[Start of section]

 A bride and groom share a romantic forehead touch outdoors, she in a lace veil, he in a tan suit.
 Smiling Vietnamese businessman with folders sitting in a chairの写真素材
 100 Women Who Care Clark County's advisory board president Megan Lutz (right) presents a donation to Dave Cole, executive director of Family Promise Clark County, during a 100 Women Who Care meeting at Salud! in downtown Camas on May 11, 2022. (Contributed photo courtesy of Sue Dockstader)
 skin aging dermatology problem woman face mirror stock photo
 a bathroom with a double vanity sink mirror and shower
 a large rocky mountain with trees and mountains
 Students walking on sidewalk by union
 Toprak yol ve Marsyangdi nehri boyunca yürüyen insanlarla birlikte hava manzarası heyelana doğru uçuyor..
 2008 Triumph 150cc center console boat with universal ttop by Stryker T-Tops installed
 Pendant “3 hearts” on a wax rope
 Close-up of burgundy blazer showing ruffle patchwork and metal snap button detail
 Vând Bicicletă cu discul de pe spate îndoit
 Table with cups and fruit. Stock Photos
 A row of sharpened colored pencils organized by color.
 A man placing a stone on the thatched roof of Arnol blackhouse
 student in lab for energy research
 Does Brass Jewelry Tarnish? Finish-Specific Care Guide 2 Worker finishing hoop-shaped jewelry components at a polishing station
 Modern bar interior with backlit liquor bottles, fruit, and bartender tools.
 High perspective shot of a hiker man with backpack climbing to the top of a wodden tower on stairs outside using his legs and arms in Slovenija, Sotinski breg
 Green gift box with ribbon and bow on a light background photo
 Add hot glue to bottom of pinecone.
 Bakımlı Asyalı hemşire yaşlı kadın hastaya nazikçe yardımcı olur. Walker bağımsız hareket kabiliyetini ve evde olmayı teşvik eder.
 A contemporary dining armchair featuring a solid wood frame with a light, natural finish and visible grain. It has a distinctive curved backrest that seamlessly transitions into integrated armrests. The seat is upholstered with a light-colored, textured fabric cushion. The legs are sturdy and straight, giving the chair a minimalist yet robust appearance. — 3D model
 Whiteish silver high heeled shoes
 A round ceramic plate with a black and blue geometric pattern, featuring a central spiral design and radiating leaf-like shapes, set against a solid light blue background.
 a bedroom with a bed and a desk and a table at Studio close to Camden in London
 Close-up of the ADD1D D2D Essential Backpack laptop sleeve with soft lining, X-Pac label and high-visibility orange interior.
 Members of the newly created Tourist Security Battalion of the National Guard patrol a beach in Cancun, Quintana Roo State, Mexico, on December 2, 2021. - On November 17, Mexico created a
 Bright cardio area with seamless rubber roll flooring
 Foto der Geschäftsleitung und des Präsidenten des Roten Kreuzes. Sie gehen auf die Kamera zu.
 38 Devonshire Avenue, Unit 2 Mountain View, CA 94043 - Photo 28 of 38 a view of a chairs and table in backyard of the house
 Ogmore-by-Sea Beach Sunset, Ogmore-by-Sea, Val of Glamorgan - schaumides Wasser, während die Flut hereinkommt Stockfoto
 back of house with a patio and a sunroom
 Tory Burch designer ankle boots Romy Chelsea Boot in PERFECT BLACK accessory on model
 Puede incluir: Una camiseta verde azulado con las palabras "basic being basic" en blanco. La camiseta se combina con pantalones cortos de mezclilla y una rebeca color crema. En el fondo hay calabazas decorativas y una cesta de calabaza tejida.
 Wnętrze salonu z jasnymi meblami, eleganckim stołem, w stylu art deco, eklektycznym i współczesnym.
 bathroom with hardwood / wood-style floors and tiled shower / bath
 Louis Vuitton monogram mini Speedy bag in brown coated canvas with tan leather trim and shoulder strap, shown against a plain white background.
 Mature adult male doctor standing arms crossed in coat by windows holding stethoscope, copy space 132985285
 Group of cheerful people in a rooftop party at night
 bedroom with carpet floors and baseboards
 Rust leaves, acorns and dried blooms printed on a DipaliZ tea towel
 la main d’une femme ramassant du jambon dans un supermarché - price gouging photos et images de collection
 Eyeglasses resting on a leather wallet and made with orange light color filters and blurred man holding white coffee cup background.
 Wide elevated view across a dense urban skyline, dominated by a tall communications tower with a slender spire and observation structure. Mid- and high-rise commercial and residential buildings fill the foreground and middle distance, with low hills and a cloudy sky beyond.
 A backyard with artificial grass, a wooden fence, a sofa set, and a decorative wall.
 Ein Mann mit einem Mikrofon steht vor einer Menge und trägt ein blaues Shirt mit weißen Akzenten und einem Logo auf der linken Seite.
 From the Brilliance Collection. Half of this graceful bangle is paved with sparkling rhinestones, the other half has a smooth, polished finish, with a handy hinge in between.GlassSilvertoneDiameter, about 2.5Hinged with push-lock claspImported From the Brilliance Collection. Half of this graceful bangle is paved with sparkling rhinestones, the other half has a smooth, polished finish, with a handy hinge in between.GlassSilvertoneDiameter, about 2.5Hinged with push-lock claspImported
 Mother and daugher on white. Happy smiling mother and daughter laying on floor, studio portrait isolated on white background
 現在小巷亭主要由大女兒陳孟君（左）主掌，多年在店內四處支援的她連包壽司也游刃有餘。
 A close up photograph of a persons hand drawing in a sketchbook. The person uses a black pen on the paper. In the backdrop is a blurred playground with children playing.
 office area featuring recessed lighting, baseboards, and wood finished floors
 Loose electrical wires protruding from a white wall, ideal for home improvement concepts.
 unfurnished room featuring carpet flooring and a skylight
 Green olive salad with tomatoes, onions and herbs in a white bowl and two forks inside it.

[End of section]

■ What is required ■
Using the records above, write out exactly the lines between the one holding "a bedroom with" and the one holding "Close-up of the", inclusive; leave everything else out.

■ Task solution ■
 a bedroom with a bed and a desk and a table at Studio close to Camden in London
 Close-up of the ADD1D D2D Essential Backpack laptop sleeve with soft lining, X-Pac label and high-visibility orange interior.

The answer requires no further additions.